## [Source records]

* * * * * * * * *

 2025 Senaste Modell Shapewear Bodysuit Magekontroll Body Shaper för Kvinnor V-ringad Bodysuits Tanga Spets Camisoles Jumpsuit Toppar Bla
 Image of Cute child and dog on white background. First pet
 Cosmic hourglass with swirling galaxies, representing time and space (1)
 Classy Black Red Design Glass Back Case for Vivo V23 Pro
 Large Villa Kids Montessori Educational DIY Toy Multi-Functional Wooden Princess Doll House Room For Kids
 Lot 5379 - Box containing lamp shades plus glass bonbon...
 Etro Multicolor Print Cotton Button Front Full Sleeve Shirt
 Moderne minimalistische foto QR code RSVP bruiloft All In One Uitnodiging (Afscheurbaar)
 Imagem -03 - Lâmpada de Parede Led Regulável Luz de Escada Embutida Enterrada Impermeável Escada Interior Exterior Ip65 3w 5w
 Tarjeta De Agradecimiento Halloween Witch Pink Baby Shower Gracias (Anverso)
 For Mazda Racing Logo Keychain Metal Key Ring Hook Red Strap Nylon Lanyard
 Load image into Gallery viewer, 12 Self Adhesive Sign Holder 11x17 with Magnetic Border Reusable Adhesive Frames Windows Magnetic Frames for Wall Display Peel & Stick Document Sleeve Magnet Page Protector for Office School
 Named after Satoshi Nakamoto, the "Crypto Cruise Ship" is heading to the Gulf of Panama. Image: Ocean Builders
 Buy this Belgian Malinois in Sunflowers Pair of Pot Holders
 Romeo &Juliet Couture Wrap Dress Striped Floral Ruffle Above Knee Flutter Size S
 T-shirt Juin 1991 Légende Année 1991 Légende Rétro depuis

* * * * * * * * *

## [Exercise description]
Please restate every record above word for word.

## [Task answer]
 2025 Senaste Modell Shapewear Bodysuit Magekontroll Body Shaper för Kvinnor V-ringad Bodysuits Tanga Spets Camisoles Jumpsuit Toppar Bla
 Image of Cute child and dog on white background. First pet
 Cosmic hourglass with swirling galaxies, representing time and space (1)
 Classy Black Red Design Glass Back Case for Vivo V23 Pro
 Large Villa Kids Montessori Educational DIY Toy Multi-Functional Wooden Princess Doll House Room For Kids
 Lot 5379 - Box containing lamp shades plus glass bonbon...
 Etro Multicolor Print Cotton Button Front Full Sleeve Shirt
 Moderne minimalistische foto QR code RSVP bruiloft All In One Uitnodiging (Afscheurbaar)
 Imagem -03 - Lâmpada de Parede Led Regulável Luz de Escada Embutida Enterrada Impermeável Escada Interior Exterior Ip65 3w 5w
 Tarjeta De Agradecimiento Halloween Witch Pink Baby Shower Gracias (Anverso)
 For Mazda Racing Logo Keychain Metal Key Ring Hook Red Strap Nylon Lanyard
 Load image into Gallery viewer, 12 Self Adhesive Sign Holder 11x17 with Magnetic Border Reusable Adhesive Frames Windows Magnetic Frames for Wall Display Peel & Stick Document Sleeve Magnet Page Protector for Office School
 Named after Satoshi Nakamoto, the "Crypto Cruise Ship" is heading to the Gulf of Panama. Image: Ocean Builders
 Buy this Belgian Malinois in Sunflowers Pair of Pot Holders
 Romeo &Juliet Couture Wrap Dress Striped Floral Ruffle Above Knee Flutter Size S
 T-shirt Juin 1991 Légende Année 1991 Légende Rétro depuis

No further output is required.